国王の名で新たなる迷宮の存在が布告されれば、利に敏い人々は我先にと集まってくるだろう。
遺跡調査や魔物の狩猟を得意とする者達や、可能であれば『探検家』と呼称される迷宮攻略のエキスパートを招くことが出来れば……遺物や魔道具が出土するであろうことに対しても、大いに期待が持てる。
兵役に就く者が迷宮内で幾らか戦闘経験を積んでくれれば、野良の魔物魔獣に対しても安定した戦闘を行うことが出来るようになり、人々の安全はより盤石なものとなるだろう。
戦う力を持たぬ者・危険地帯に足を踏み入れることを躊躇う者であっても、荷役人や運搬業者としての働き口が期待できよう。
そしてその場合……そんな彼らの拠点となるのは、鉄工と温泉の町オーテル。
もしくは…………より近い、この開発拠点か。
「そういえば……ライアさんには、このことは?」
「テルスと同等レベルの情報開示で伝達済みだ。呆然としたかと思えば気持ち悪い笑みで再起動したからな……アイツのことだ、多分商機を見いだしたんだと思う」
「なんで長耳族は皆ライアさんに辛辣なんだ。まぁとりあえず……状況は把握してるってことか。忙しくなるだろうってことも」
「多分な。入浴施設の整備を急ぐのか、それとも自身を守る算段を優先するつもりなのか」
「やっぱネリー、悪いが残ってくれ。テルスが不在になれば拠点整備が滞るし、純粋にココの戦力が心許ない」
「確かにの。学者殿は勿論あの竜娘も、抑止力としては相当のものよ。……不心得者が湧くとは思えぬが、此処は只でさえ人手不足である故な」
「そうそう急に混むこた無いと思うが……まぁ、別にソッチに危険がある訳でも無いしな。オッケー解った。……まぁテルスの承認得たらだけどな」
ネリーの言葉に二人が頷き、一同がとりあえずの方針を定めたところで……入院患者に供する療養食を買い出しに出掛けていた三名が戻ってきたようだ。
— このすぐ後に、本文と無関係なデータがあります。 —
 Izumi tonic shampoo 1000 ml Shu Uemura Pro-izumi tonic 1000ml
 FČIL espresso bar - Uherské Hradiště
医務室の石壁越しに竜種の嘶きと重厚な翼音が届き、元気いっぱいな幼子の声とそれに振り回される少女の悲鳴が拠点に響き渡る。
「……良いな。テルスには悪いが、情報の全開示は見送る。……ニド、お嬢の挙動に気を配っといてくれ。ヤバそうなことをお漏らししそうになったら」
「心得た。何としても押し留めて見せよう」
「……助かる。じゃあそういう方針で、とりあえずはメルの翼を借りられるかどうか……だな」
「ああ」「うむ」
かしましくも愛らしい白い少女の帰還に、苦笑気味ではあるが暖かな笑みが浮かぶのを隠しきれない三名の保護者達。
他でもないその白い少女が持ち込んだ提案によって、先程まで膝突き合わせ話し合っていた作戦内容が大いに掻き乱されることになろうなどとは……このときはまだ、そんなことなど知る由も無かった。